Four Seasons Hotels and Resorts

Deconstructing Dim Sum at Four Seasons Beijing

Traditional Chinese cuisine gets a serious upgrade at Beijing’s Cai Yi Xuan.

Jan 14, 2013
Golf-ball-sized dumplings are served in bamboo steamer baskets at Four Seasons Beijing
Cai Yi Xuan, the new restaurant at Four Seasons Hotel Beijing, puts a Western spin on traditional dim sum.
Photography iStock

Like many of the 20 million souls living in wild and woolly Beijing, dim sum—or yum cha (tea tasting), as it’s called in its native Cantonese—is an import to China’s ever-growing capital. This iconic dish is about as indigenous to Beijing as fried chicken and biscuits are to Boston. To be precise, dim sum is a southern dish that originated 1,300 miles away (roughly the same distance as from Boston, Massachusetts, to Biloxi, Mississippi) in the Guangdong Province. It became popular with travellers along the Silk Road as a fast roadside snack with tea before evolving into today’s toothsome, bite-sized nibbles of simple, hot food served from cart to table to mouth.

So when Executive Chef Martin Knaubert, who cut his Teutonic teeth on Chinese gastronomy in Shanghai during the last three years, began designing the menu at the newly opened Four Seasons Hotel Beijing restaurant Cai Yi Xuan, he didn’t worry about rigid authenticity. The Mandarin translation for dim sum (dian xin) means “a little bit of heart,” and Knaubert’s take on it is a whole lot of heaven.
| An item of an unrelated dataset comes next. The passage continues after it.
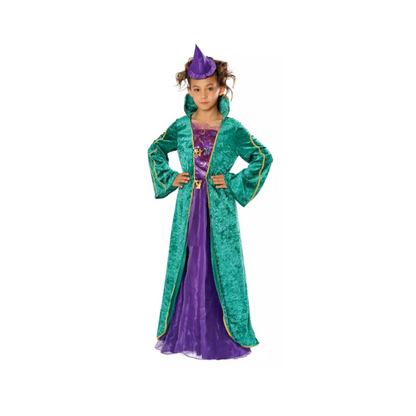 Child wearing a green and purple wizard costume on a white background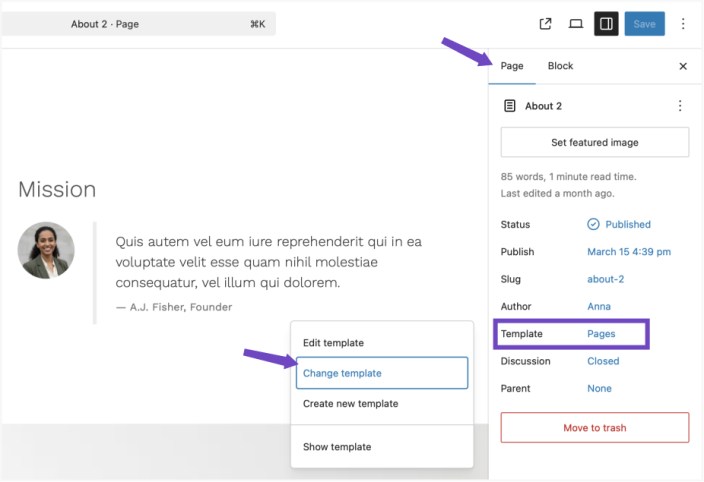 WordPress editor sidebar showing Hypermarket page settings with template selection and “Change template” option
Dumplings called “money bags” burst open to reveal an artful contrast of black codfish and crab roe; bean curd skin is rolled cigar-tight with sea cucumber and doused in fresh abalone sauce; and warm, crisp, golf-ball-sized dumplings ooze with salted egg yolk when cut open.

As I sat in one of the restaurant’s eight intricately lacquered PDRs (Private Dining Rooms), dishes kept arriving like gifts in bamboo steamer baskets, wrapped in fragrant leaves, skewered and glistening like exquisite lacquered jewellery. Knaubert and his team have taken dim sum to new heights by gilding these Chinese staples with some Western sheen: Century eggs are marbled, bamboo shoots are smoked, foie gras wallows in a puddle of golden Shaoxing wine, and fragrant vegetable dumplings are laced with black truffle.

At times, the menu reads like Albertus Seba’s Cabinet of Natural Curiosities, encouraging diners to discover nature’s fantastic world of flora and fauna: hawthorn, sea whelks, red jellyfish, humphead, grass carp, goose web, deer sinew and pigeon eggs are just a few of the menu choices that blur the lines between the plant and animal kingdoms, and create a sensory experience that is probably not for vegans. Cai Yi Xuan is not just one of the best new dim sum parlours in Beijing, it’s also one of the best new restaurants at Four Seasons, and gives this simple roadside fast food its much-earned upgrade.